Kaiser has alleged that the nurses group breached the “no-strike” clause in their most recent agreement by engaging in a 24-hour sympathy strike in support of the National Union of Healthcare Workers.
The nurses’ three-year agreement with Kaiser, which commenced just three weeks prior to the sympathy strike, contained a no-strike provision that said: “There shall be no strikes, lockouts, or other stoppages or interruptions of work during the life of this agreement.”
Kaiser also sought to compel the dispute to arbitration, as laid out in the contract.
The California Nurses Association fought arbitration in a motion to dismiss, adding that “CNA’s strike was a sympathy strike and such strikes are not prohibited under the CBA.”
U.S. District Judge Samuel Conte reproduced the full arbitration clause in a decision Friday, saying the provision is “at least ambiguous.”
“‘The CNA, as the exclusive bargaining representative of employees in the bargaining unit, has the sole and exclusive right to file, pursue, withdraw, or resolve grievances at any step of the procedure,” according to the agreemebt. “The parties agree that the grievance/arbitration procedure is the sole and exclusive remedy for any and all disputes or rights arising from or relating to this agreement.'”
“CNA argues that the first sentence … warrants dismissal of Kaiser’s demand for arbitration since it states that the CNA has ‘the sole and exclusive right’ to file grievances,” Conte wrote. “Kaiser responds that the next sentence … which requires arbitration of ‘all disputes,’ would be rendered meaningless if only one party could invoke arbitration.”
“The court agrees with Kaiser,” Conte continued. “The CBA is at least ambiguous as to whether Kaiser may submit a matter to arbitration. While the CBA clearly states that only the CNA may file a grievance on behalf of an employee, the CBA is less clear about whether Kaiser may submit a grievance for arbitration.”
“Further, as the CBA states that arbitration is the ‘sole and exclusive remedy for any and all disputes or rights arising from or relating to [the CBA],’ to read the CBA to mean that Kaiser cannot initiate arbitration proceedings would leave Kaiser without a legal remedy if CNA were to breach the terms of the agreement,” he added (brackets in original).
Conte declined address how the agreement classifies sympathy strikes from the nurses group. “Kaiser has alleged that the September 2011 strike was not a sympathy strike and that CNA’s declarations to the contrary were a ruse.
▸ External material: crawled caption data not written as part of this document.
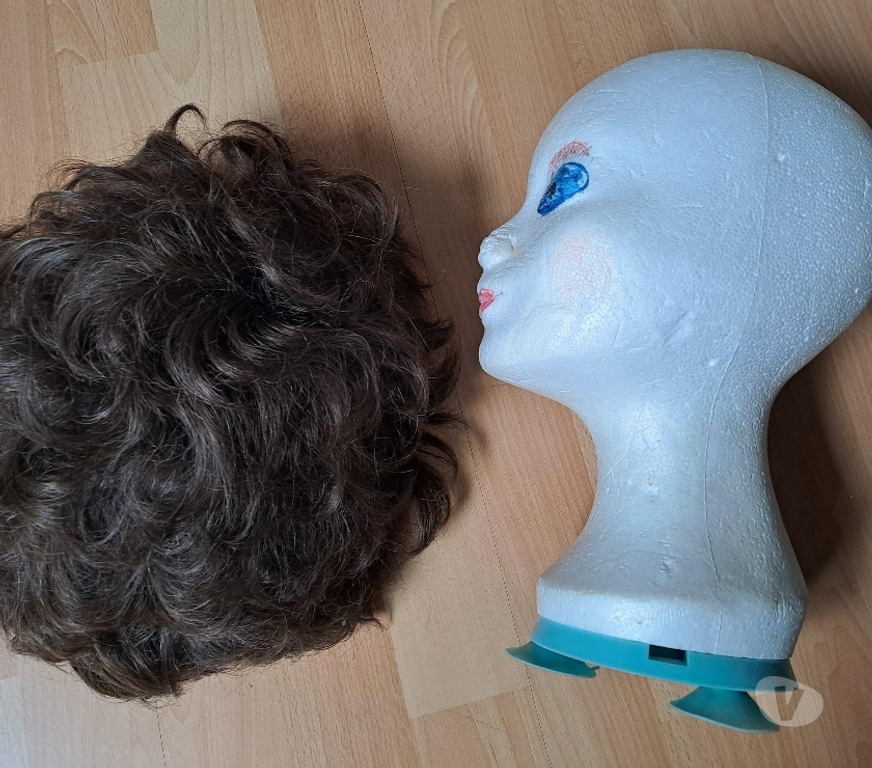 Beauté - santé Gilly Gilly-Centrum - Photos Vivastreet Très belle perruque en cheveux humains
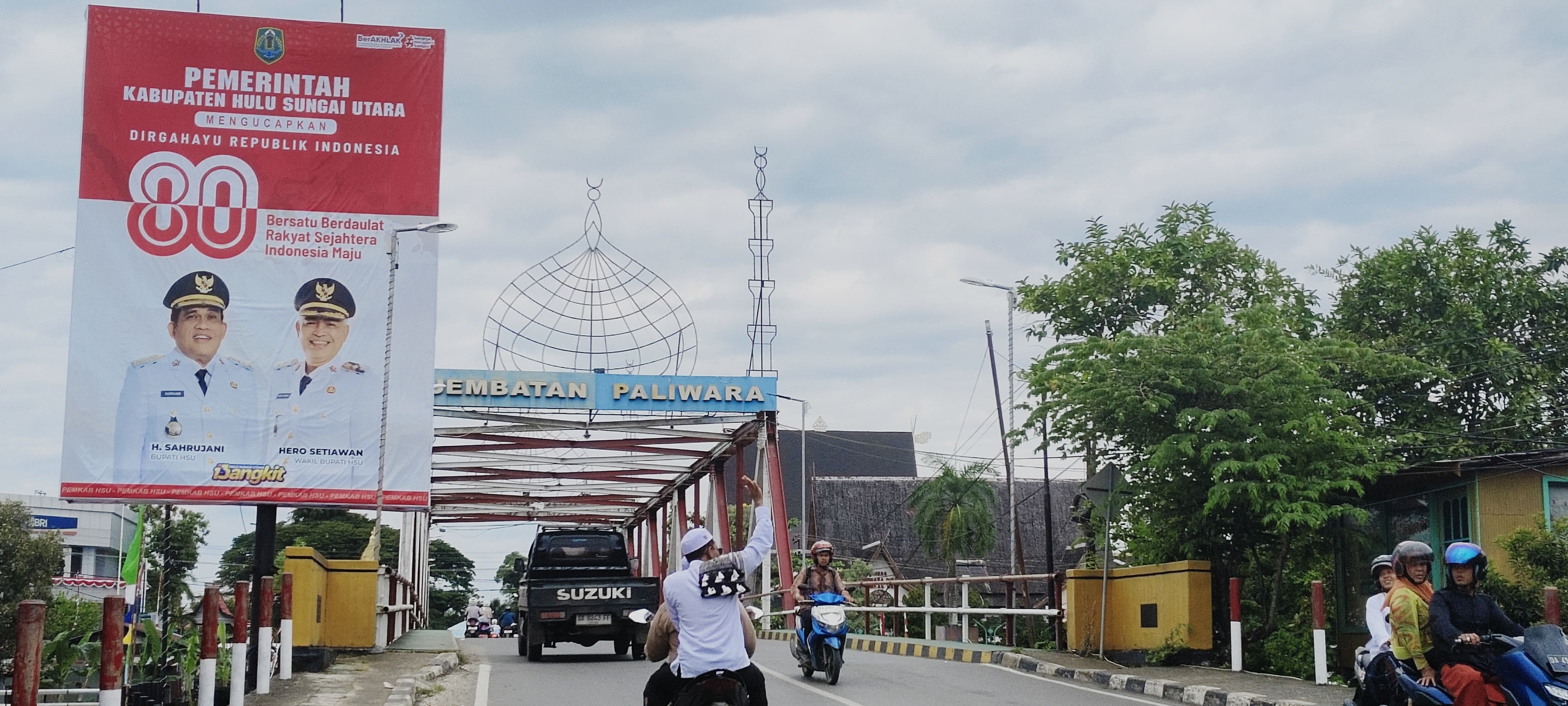 SIMBOL: Jembatan Pariwara di Kota Amuntai, berwarna merah merupakan simbol semangat perjuangan masyarakat Kota Amuntai, terhadap penjajah dalam merebut dan mempertahankan kemerdekaan. (Foto: M.Akbar/R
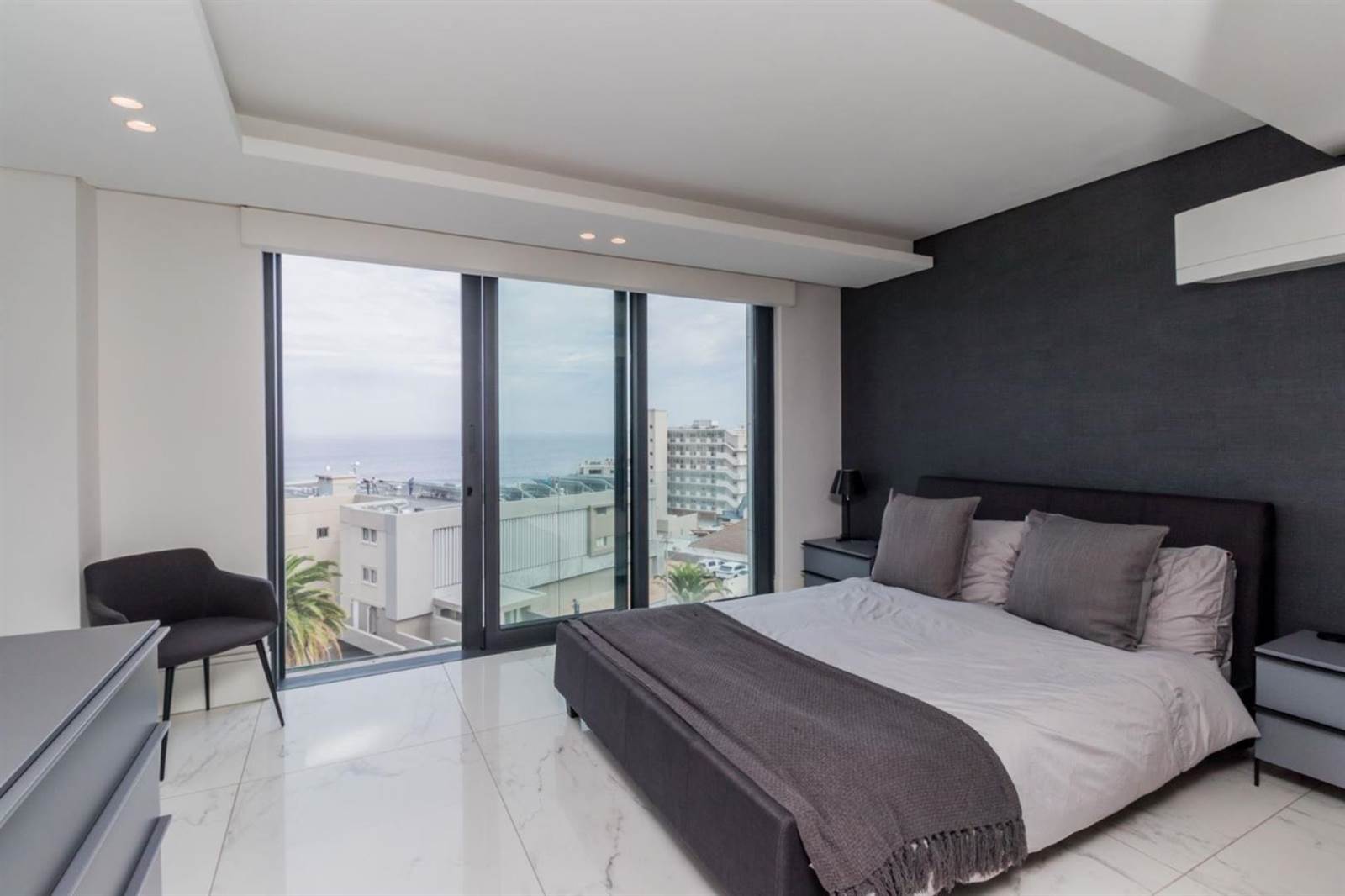2 Bed Apartment in Bantry Bay photo number 25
Kaiser has pled a number of specific facts to support this contention,” he wrote. “Determining whether or not Kaiser’s allegations are true is a factual issue for another day.”
The nurses group had also moved to strike “over one-third of the paragraphs in Kaiser’s 78-page complaint, arguing they are ‘redundant, immaterial, impertinent, or scandalous,'” under Federal Rule of Civil Procedure, according to the court.
But Conte said the motion “fails to clear the high standard set by Rule 12(f).”
“CNA seeks to strike almost all of the background facts alleged in the complaint,” he wrote. “These facts provide the court with a fuller understanding of the dispute and the court does not see how they could be considered redundant, immaterial, impertinent, or scandalous.”
“CNA obviously disagrees with many of the facts pled by Kaiser, and CNA will have an opportunity to challenge these allegations as the case proceeds,” he added.
A California Nurses Association spokesman declined to comment on the ruling, saying, “I have no idea what you are talking about.”